In his new book The Book of Forgiving: The Fourfold Path for Healing Ourselves and our World, Bishop Desmond Tutu describes the power of telling the truth. This has been a theme of his life and work in South Africa; he knows better than almost anyone the liberation that comes with telling a true story instead of living a lie. All forgiveness and healing begins, he says, with telling the story. “Speak the truth,” he writes. “Start with the facts.”
What are the facts we begin with? What is the truth we need to speak?
The church’s Communications Team met last night, and we had a great discussion about what is the story that Campbell United Methodist Church has to tell, what truth it is that we are trying to communicate—on Sunday mornings, in the newsletter, on our website, on the church’s Facebook, Twitter and Instagram accounts, and even in this mid-week message.
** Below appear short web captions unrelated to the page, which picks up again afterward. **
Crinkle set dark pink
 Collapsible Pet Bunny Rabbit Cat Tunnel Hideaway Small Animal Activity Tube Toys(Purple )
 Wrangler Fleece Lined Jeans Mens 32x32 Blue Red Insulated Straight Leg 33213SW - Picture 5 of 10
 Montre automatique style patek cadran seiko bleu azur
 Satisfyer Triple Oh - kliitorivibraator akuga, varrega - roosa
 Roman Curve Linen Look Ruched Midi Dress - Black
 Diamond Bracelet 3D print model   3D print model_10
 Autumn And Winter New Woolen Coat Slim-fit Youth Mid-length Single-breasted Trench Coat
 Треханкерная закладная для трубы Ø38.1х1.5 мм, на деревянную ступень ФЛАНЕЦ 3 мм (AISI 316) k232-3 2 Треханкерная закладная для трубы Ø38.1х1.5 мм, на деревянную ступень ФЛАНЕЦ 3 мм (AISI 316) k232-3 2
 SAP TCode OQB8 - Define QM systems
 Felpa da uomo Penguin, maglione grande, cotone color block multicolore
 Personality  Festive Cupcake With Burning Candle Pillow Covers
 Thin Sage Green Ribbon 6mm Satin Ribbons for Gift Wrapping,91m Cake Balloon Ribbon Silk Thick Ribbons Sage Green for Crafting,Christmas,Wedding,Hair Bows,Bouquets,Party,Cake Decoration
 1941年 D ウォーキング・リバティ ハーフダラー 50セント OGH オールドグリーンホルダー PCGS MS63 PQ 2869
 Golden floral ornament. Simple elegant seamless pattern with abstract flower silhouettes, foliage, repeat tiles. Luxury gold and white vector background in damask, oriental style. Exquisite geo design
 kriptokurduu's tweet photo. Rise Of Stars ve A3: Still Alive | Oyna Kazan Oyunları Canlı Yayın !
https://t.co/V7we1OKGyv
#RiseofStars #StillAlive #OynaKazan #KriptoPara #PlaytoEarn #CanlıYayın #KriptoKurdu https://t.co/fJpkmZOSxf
Here’s my answer, in a nutshell: We are being changed. Transformed. In fact, I would say that transformation—of each of our lives and of the world—is the promise that is at the heart of the Christian life. It’s pretty simple, actually: a life of faith is a life of transformation. If you don’t want to change, you should never go to church—or at least don’t listen too closely for what the Gospel says.
The only story the church has to tell is the story of people whose lives have been changed by their willingness to trust God and courageously love their neighbors. The power of that story is its ability to create community around the experiences we share and to empower us to be even bolder about making sure that everyone gets included in the dream God has for creation.
Each of us has a story to tell about our lives–how we have been changed, what circumstances God has used to enlarge our hearts. Last Sunday we began in worship a new segment. A member of the congregation shared from her personal life a story of her own transformation, a single conversation that shifted everything for her. Another one of our members will share his story this coming Sunday.
What would you say about your own life? What is the story, the truth, that says something about how you have been changed?
I hope the church will always be a safe place to tell these stories. I hope we will ask one another the questions that will invite their telling, and then listen carefully to the stories that are told. Those stories are what make our truth.
I’ll see you Sunday, and in the meantime, may your week be full of wonder.